The very culture of how we support our teams, be it the Wallabies or a Super 15 side, is sadly defined by one man: the guy in the tight black t-shirt with the clipboard running the door at Cargo Bar.
This guy and others like him at the various establishments around the cities have sucked the very atmosphere out of the Rugby. The man standing at the door, seeing you approaching wearing — shock, horror — a football jersey, radios his mates at other entrances and says the guy in the jersey is a big no-go. The class establishments can’t be seen to let this type of commoner inside. That’s the moment that leads to the low hum and zero atmospheres at games. Now the support is reduced to the man scarf-wearers. Possibly a scarf in the team colours, but probably not.
The Australian Rugby public have only themselves to blame for this travesty. Australians go to the Rugby now to be entertained, as if it were a concert or a movie. If the entertainment doesn’t live up to expectations, the critics pan it and the crowds stay away. We have it backward in Australia. We have come to rely on the something miraculous, something Quade Cooperish, to spark us up.
However, unlike a concert, the “performers” have 15 others in different colours ready to make them bleed. This is all you should need, as supporters of your team. The absolute desire to see your man, your team, your colours spill the first blood, be it in points or the real thing. And your voices, your cheers, the colours you wear on your back should scream that you are behind your team to the last. Instead, the rugby has merely become a meeting point to kick off a night out.
I often get asked about the difference between Australia and European Rugby. The actual on-field differences have been talked about ad nauseam. But it’s off the field the Europeans put us to serious shame. I have spent the last three years playing in Italy and am now playing in France. In Italy, rugby is the probably the sixth most-supported sport behind soccer, Formula 1, basketball, volleyball and cycling.
Yet at any given Super 10 game you can find up to 2,000 Italian supporters, singing the songs, drinking the beer and wearing the colours of the local teams. These 2,000 make the noise of about 15,000 in Oz. They don’t need Johnny Williamson (the legend that he is) to lead them in song. They start the songs themselves. This is how atmosphere is created because believe me, it was never the amazing rugby that had them fired up. All this coming from a country where I was once asked, at a service station where the team had stopped, if rugby was the game that was played on ice?

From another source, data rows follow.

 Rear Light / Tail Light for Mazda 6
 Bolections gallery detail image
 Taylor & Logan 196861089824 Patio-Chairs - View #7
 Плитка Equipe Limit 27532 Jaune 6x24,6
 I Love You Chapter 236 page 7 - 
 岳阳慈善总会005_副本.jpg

Now I am playing in the Top 14 in France, and it is something else again. You could put it down to Latin passion, but it is more than that. It is genuine pride. The 20,000 who hang on every moment of the match as if it were there own children playing. All singing the same songs… one side of the stadium starts it up while the other side tries to catch up, never quite being in time because of the distance separating the stands. After the games kids stream onto the field for photos and autographs. Most of them have no idea whose autograph they are getting, unless it’s one of the really big names, but they don’t care, they are out in the middle with faces painted and loving it. In Australia we have become accustomed to the generic salute to the crowd while 100 yellow jacketed security guards make sure none of us get to close.

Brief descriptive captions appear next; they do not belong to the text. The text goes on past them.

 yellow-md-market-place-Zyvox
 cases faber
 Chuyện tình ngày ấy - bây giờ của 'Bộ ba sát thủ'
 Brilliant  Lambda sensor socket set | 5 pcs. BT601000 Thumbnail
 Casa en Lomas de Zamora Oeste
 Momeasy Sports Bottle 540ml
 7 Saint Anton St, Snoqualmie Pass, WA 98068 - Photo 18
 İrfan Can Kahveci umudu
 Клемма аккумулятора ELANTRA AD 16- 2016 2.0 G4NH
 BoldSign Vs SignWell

After the game the bars are full. People debate the loss or celebrate the win. There is no security guard with over-inflated importance blocking their entry to even the best night clubs. Therefore the people will be back next week, in droves, to support their team. Those are the key words that we as Australians as have forgotten. Support the team. The Mungos do it, the AFL supporters are mad for it, yet the rugby supporter has been diminished to just a rugby spectator. A spectator and person lining up at Cargo Bar for an $8 beer.